Before we go on, it’s worth stressing that the Bloodborne 60fps patch doesn’t work on retail PlayStation 4 consoles and prospective users would need access to hacked or development hardware to experience it, if it were publicly available – which it isn’t. Our interest is in dissecting the game, to see how it works and how effective an official patch could be. To that end, I spoke at length with Lance McDonald over the last week, getting to understand how this hack was achieved, then working with him to test various resolution and performance modes to get a more detailed view on how the From Software engine works and whether Bloodborne – and by extension other Souls titles from the same developer – could run at 60fps instead of its default 30fps. And even if a locked 60fps isn’t possible, we also had to wonder – can the Souls family of titles’ 30fps implementation be hacked to actually work… correctly?

Understanding why this is a problem is key.

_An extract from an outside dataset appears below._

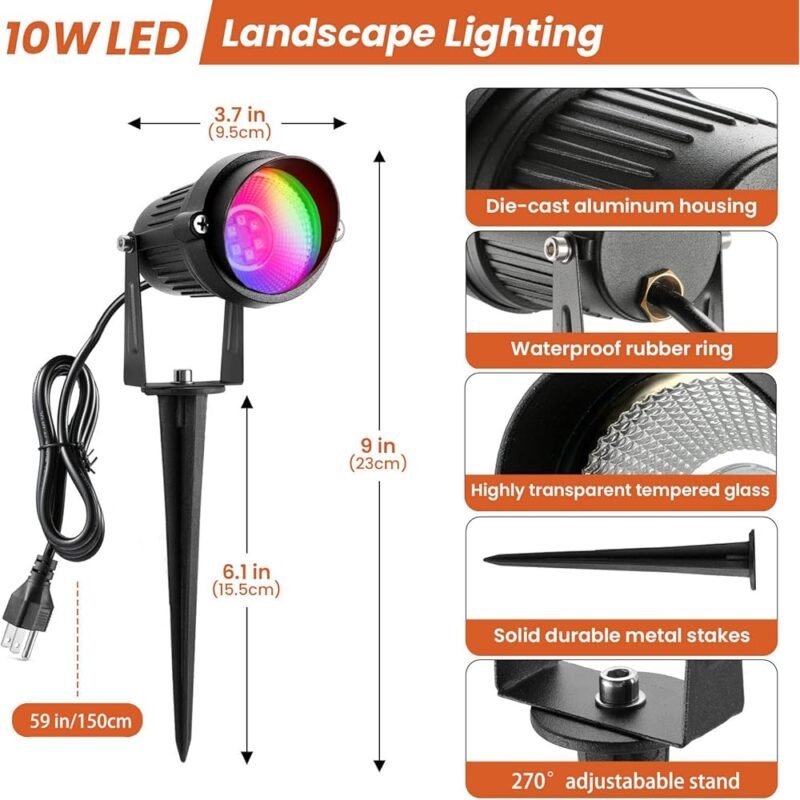 Junview Foco Halloween 120V LED RGB de 12W para Exteriores - Imagen 5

In an ideal world, games designed for living room displays would all run at 60 frames per second – one new frame for every refresh of the screen, the smoothest possible output, the lowest possible latency. However, the amount of rendering time required for modern game engines often makes this unreasonable, so games can spend twice as much time – two display refreshes – to generate a new frame. It’s 30 frames per second rather than 60, 33.3ms instead of 16.7ms, but because there’s still a consistent persistence for each frame, it still looks smooth.